I am co-hosting my dear friend Liz's baby shower and over the past few weeks, I have told her all the things she "needs" to register for.

"Oh you NEED at least one bouncy for both floors of your house!"
"Oh, you absolutely NEED to have the vibrating bassinet!"
"Liz, you will NEVER be able to manage without (insert xyz thingamajig from Babies 'R Us here). You definitely NEED that!"

"Really?" asks Liz, sounding skeptical, but looking for some advice from friends.

"Oh, ABSOLUTELY," I pronounce my edict from my throne (which I also NEEDED at some point. On sale at Crate and Barrel). "You definitely NEED that."

"Hmmm. Ok." Liz seems doubtful, but ever trustful. After all, why wouldn't she trust me on this?

Gee - small wonder my daughter keeps saying "need"! How far does the apple fall from the tree?

Ironically - I think back to my own upbringing and the "things" my parents had. Not much. Just thinking about my mothers samosas makes me ashamed. But they managed to overlook the "obvious" need for all these necessities that I now could not imagine life without.

Am I as guilty of blurring the lines between "need" and "want" as much as my daughter?

The answer, my friends (surprise, surprise) is . . . a resounding . . . DRUM ROLL . . .

(I put it in caps, not to be ironic, but to exclaim that YES, I AM SPOILED.)

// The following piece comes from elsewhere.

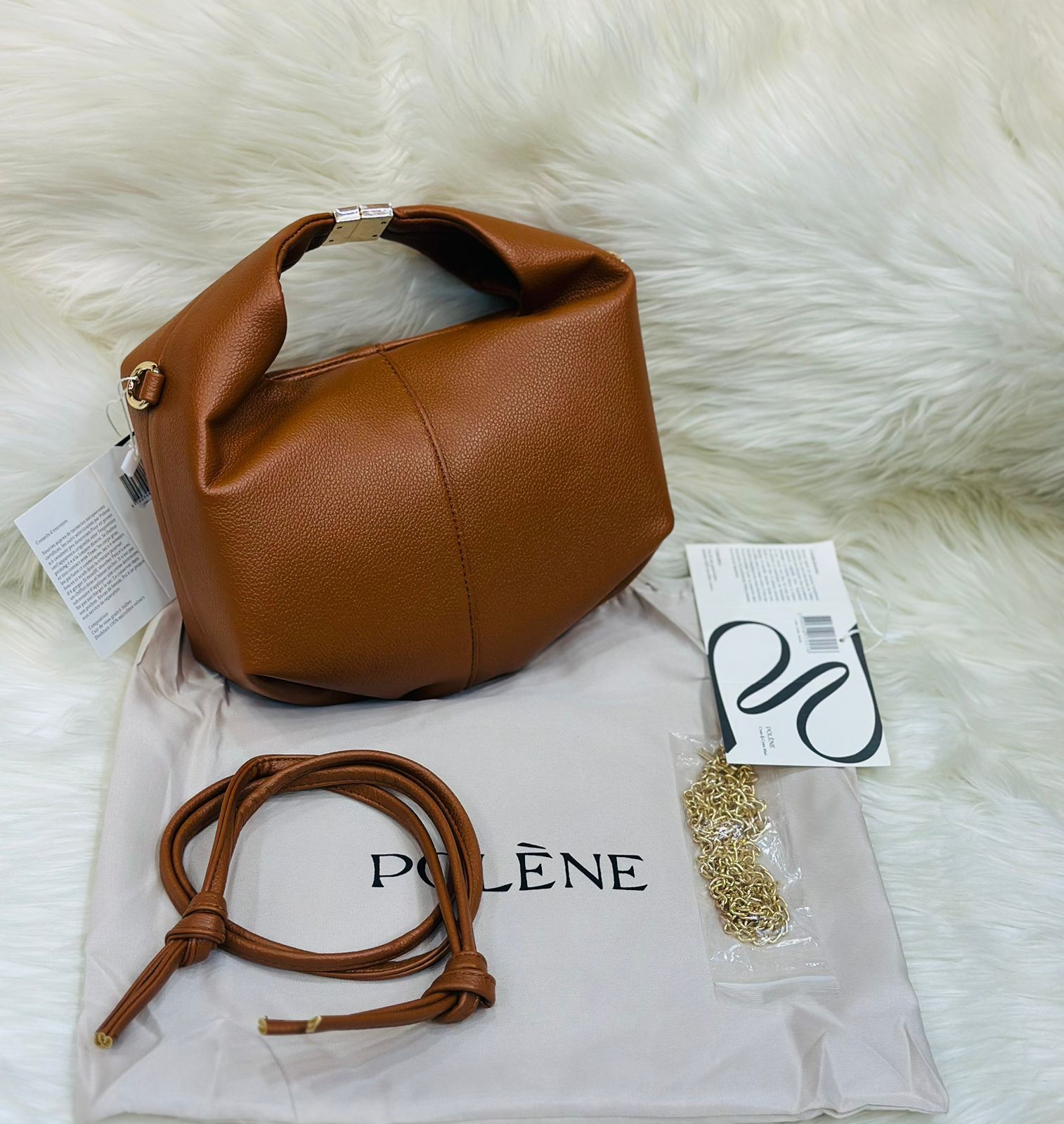 Coach Trail Mini Bag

It makes me wonder when my perspective changed so dramatically - where convenience became a necessity and where the luxury of being able to buy what I wanted became a right versus a privilege.

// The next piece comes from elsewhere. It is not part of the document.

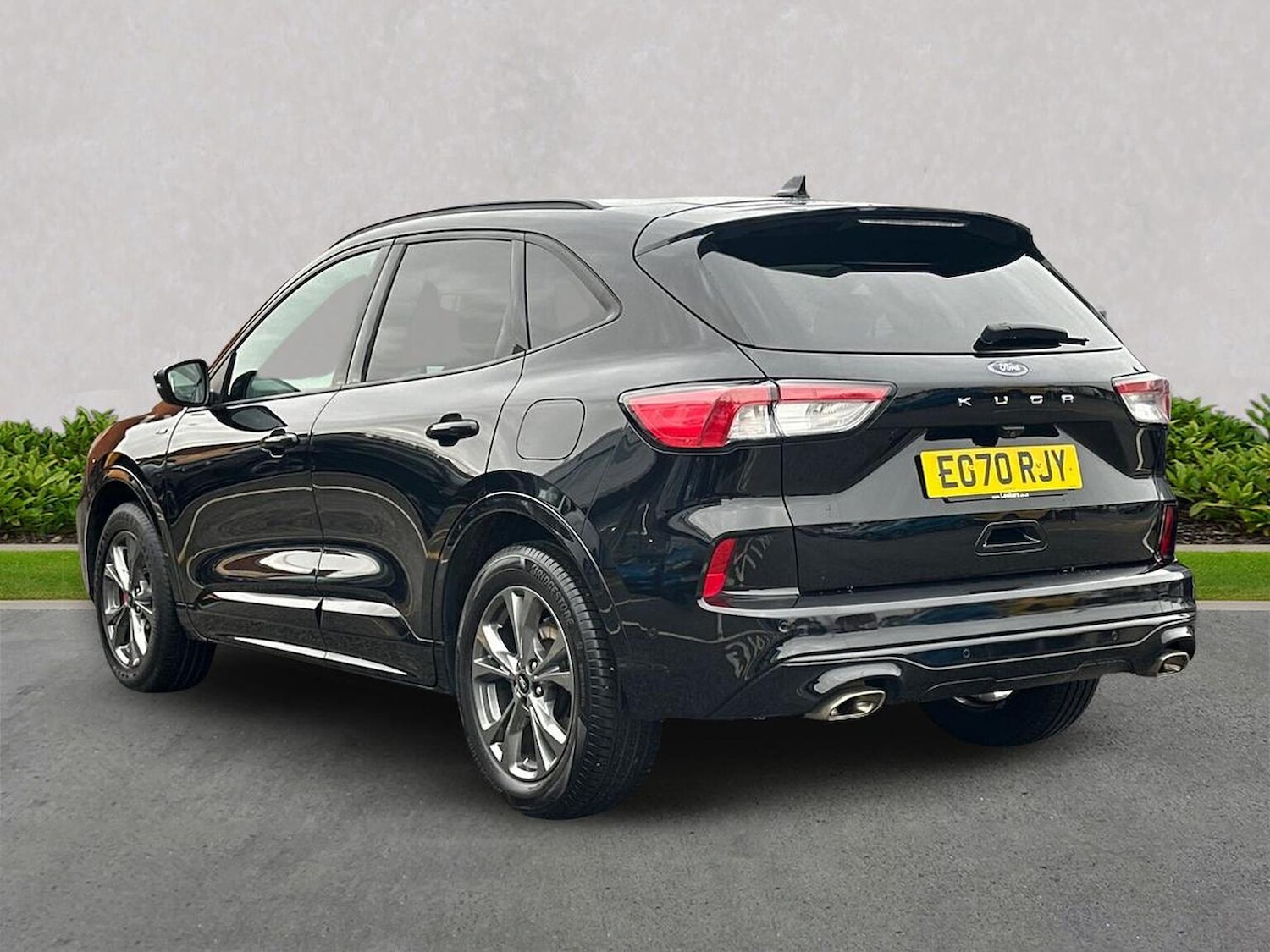 Used Ford Kuga 2020 for sale - 76860047: Photo 2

Sometimes it takes the language of a two year old to show me that in some ways, my perspective is oddly more aligned with hers than I originally thought.

And while I love my daughter and know (ok, I HOPE MADLY) she will grow to be a wise, wise woman - maybe it's time to re-evaluate what I "need" and what I "want" a little bit more closely this year.

I think I NEED to. Don't you?
(Please, be kind).


Jennifer said...

I love this post. I have a hard time telling my daughter the difference between need and want as well and I think you just said exactly what I was thinking about myself.

I buy stuff all the time that I don't really need, like the $60 I spent at portrait innovations yesterday. I thought I did pretty good seeing as how I spent $130 when I go in there but now looking at my checkbook and looking at the fridge and all the food that's NOT in there, I'm thinking maybe I didn't "need" to buy those pictures....but they were so damn cute and years from now we'll be able to look back on them and smile about how cute the kids were. And who really needs to eat anyway, the kids can live on bread and water alone can't they?

Kiran Kairab Ferrandino said...

LOL. Jennifer - $60 is pretty good! Bread and cheese can wait. Actually - the other day I was lamenting all the clutter in the house and asked my husband if he had any ideas on what we could do to organize. He looked at me like I was crazy and said - "Well, first things first - you can probably stop buying things."

Which makes sense, right? I will have to try it.

Jennifer said...

LOL, just another reason why I'm glad I don't have one of those (husbands) at home to tell me to stop buying stuff. Of course it might also help to have one of those around the house so I could afford to buy more stuff.

Kiran Kairab Ferrandino said...

It's a bit of a catch 22, isn't it though Jennifer? If you have a husband, you have someone questioning everything you buy, so you have to sneak the Target bags in through the back door and go to those jewelry parties at your friends house in "stealth" mode.

Not that I have ever done that. I'm just saying.